Exercise -
Could you transcribe exactly the lines below, from the line with "Resim Afri Kadın" through the line with "Back view of", and nothing else, leaving out the pictures?

Input -
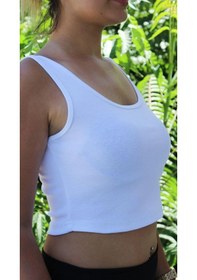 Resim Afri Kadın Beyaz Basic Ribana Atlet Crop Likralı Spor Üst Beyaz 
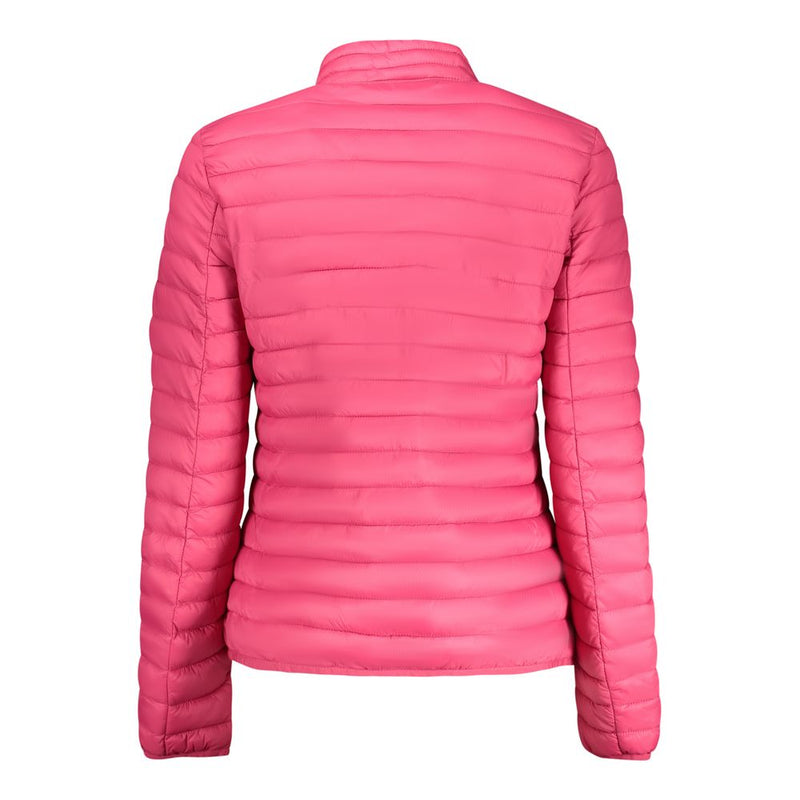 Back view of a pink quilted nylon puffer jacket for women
...
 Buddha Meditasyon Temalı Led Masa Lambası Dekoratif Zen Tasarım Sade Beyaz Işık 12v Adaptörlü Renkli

Solution for this exercise -
 Resim Afri Kadın Beyaz Basic Ribana Atlet Crop Likralı Spor Üst Beyaz 
 Back view of a pink quilted nylon puffer jacket for women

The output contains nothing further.